「カーズ」鑑賞

いまさらですが。ピクサー作品のなかでは一番出来の悪い映画、という見方が定着してきた作品だけど、ちゃんとピクサー作品としての質は保っており、決して悪い作品ではなかったと思う。

「トイ・ストーリー」の頃はそのCGのクオリティに驚愕したわけだが、CGアニメが巷にあふれてる今日となってはいかにCGが素晴らしかろうとも大して驚かなくなったかな。そうなるとやはりストーリーの出来がさらに重要になってくるわけだが「高慢な主人公が、田舎で自分を見つめ直す」というプロットはいささか使い古された感があり、それで2時間近く話を引っ張って行くのはしんどいところがあったかも。
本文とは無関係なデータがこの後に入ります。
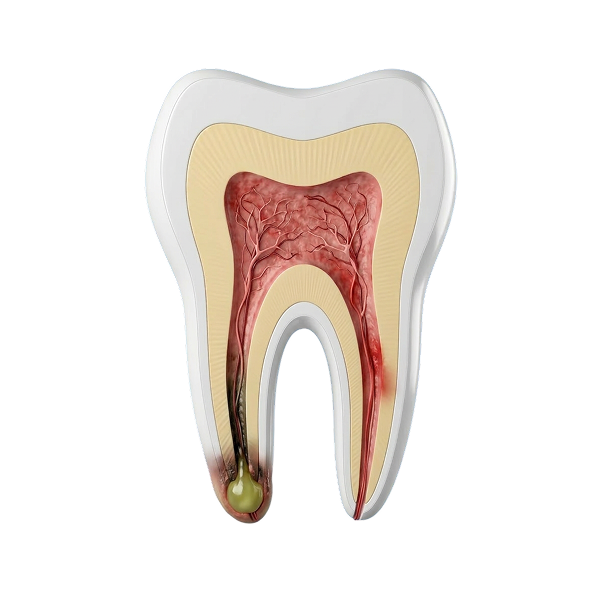 tooth infection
ピクサー作品が他のCGアニメ映画と一番違うのは、どれだけ大作になっても、作り手の個人的な経験が反映された非常にパーソナルなものになっている点で、例えば「ファインディング・ニモ」はアンドリュー・スタントンが親になった経験から生まれたものだし、「インクレディブルス」はブラッド・バードが忙しく働きながら家族を養っていった経験が原点になっているわけだ。これが他のスタジオの作品だと「セレブな声優使って、マーケティング山ほどやってガッポリ儲けよう!」みたいなハリウッド的商業主義が露骨に感じられるんだが、ピクサーの作品には作家の手作り感のようなものがあって、それが高い評価につながってるわけなんだよね。しかしこの「カーズ」にはそうした作家の主張がどうも感じられなくて、凡庸なストーリーの作品になってしまっているのが残念。なんか続編も作られるようだけど、いったいどのような話になるのやら。